*Dataset records*.
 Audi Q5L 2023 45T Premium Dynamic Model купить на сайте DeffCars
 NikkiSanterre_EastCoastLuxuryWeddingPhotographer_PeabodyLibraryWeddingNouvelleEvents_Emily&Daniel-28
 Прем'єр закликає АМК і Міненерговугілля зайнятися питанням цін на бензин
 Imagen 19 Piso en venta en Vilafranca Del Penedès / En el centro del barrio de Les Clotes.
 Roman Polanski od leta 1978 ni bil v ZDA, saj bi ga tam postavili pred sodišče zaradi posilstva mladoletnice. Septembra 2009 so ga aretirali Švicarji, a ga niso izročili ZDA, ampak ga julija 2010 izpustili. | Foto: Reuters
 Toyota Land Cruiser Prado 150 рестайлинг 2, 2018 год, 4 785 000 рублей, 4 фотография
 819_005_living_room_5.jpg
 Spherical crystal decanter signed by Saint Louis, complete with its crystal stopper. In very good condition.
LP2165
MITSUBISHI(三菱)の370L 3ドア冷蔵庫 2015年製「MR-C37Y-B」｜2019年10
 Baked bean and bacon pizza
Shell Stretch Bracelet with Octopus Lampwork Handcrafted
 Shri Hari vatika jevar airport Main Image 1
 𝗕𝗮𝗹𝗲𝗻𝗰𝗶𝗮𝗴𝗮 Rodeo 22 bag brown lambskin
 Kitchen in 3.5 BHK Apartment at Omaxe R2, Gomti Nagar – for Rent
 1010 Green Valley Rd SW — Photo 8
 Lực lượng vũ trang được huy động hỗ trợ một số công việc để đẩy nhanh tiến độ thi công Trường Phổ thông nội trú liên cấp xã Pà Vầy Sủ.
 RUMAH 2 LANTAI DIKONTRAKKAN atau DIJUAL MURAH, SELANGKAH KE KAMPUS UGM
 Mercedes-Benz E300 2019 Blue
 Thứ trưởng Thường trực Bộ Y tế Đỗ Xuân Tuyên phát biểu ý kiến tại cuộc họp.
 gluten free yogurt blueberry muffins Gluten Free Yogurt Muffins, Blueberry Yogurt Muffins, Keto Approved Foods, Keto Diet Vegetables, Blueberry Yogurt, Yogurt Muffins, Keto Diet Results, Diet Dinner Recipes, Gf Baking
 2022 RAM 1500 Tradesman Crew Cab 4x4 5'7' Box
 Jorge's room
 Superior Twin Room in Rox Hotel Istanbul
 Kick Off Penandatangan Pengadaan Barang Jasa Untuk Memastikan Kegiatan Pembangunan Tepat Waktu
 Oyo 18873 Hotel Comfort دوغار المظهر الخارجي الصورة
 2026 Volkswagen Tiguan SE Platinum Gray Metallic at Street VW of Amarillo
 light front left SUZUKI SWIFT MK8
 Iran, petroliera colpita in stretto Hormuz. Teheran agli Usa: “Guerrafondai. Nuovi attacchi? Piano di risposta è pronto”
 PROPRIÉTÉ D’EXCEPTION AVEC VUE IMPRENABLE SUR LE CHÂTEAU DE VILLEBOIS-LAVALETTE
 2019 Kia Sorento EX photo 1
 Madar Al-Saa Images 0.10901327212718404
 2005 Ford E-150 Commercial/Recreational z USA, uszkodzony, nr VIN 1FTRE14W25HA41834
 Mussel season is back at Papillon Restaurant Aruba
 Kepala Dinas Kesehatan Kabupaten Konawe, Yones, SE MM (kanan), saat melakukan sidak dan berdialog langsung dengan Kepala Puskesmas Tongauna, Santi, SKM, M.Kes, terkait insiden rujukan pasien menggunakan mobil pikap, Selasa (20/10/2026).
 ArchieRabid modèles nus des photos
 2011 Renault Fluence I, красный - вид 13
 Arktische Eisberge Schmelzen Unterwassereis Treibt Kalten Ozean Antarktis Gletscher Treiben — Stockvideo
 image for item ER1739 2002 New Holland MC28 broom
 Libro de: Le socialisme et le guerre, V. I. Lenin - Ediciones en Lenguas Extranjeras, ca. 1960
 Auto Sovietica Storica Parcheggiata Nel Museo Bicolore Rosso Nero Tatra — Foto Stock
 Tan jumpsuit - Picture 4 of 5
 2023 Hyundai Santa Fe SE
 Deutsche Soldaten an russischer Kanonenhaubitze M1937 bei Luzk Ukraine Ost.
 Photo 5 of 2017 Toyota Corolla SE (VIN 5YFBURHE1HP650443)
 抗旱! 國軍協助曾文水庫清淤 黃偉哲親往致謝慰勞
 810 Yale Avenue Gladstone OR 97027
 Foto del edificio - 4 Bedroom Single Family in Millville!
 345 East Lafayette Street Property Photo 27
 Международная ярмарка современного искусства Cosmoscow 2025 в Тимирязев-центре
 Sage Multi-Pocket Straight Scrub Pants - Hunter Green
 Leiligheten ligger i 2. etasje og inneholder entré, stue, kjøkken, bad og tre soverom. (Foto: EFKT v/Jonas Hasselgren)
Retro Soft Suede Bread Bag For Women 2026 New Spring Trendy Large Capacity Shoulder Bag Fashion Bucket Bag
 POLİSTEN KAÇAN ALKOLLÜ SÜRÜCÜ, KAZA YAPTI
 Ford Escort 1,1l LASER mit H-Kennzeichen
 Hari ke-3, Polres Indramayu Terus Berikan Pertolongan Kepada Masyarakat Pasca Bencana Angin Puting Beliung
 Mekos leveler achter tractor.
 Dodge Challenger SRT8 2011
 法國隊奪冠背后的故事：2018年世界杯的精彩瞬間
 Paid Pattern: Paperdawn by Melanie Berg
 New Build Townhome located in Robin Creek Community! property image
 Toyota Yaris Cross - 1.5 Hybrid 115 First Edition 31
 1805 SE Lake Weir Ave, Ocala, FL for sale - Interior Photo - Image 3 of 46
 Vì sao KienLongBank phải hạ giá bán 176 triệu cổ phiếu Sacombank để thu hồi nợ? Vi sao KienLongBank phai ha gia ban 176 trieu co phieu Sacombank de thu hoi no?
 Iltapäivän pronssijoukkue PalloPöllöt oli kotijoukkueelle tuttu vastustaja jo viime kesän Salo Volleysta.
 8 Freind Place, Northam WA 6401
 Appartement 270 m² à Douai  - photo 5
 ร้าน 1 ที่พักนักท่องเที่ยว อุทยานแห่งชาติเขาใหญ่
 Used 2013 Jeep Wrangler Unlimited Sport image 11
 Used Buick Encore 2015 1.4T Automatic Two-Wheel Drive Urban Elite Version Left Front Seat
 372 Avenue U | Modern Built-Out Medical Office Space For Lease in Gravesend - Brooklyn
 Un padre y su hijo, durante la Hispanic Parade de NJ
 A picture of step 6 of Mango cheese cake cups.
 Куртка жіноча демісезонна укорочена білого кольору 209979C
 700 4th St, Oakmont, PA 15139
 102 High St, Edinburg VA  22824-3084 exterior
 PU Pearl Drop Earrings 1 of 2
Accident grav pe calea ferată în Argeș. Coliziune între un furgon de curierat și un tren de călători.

*Work required*.
One stretch of the lines above is wanted, from the line that contains "Arktische Eisberge Schmelzen" through the line that contains "345 East Lafayette Street Property Photo 27". Output it exactly.

*Output of the exercise*.
 Arktische Eisberge Schmelzen Unterwassereis Treibt Kalten Ozean Antarktis Gletscher Treiben — Stockvideo
 image for item ER1739 2002 New Holland MC28 broom
 Libro de: Le socialisme et le guerre, V. I. Lenin - Ediciones en Lenguas Extranjeras, ca. 1960
 Auto Sovietica Storica Parcheggiata Nel Museo Bicolore Rosso Nero Tatra — Foto Stock
 Tan jumpsuit - Picture 4 of 5
 2023 Hyundai Santa Fe SE
 Deutsche Soldaten an russischer Kanonenhaubitze M1937 bei Luzk Ukraine Ost.
 Photo 5 of 2017 Toyota Corolla SE (VIN 5YFBURHE1HP650443)
 抗旱! 國軍協助曾文水庫清淤 黃偉哲親往致謝慰勞
 810 Yale Avenue Gladstone OR 97027
 Foto del edificio - 4 Bedroom Single Family in Millville!
 345 East Lafayette Street Property Photo 27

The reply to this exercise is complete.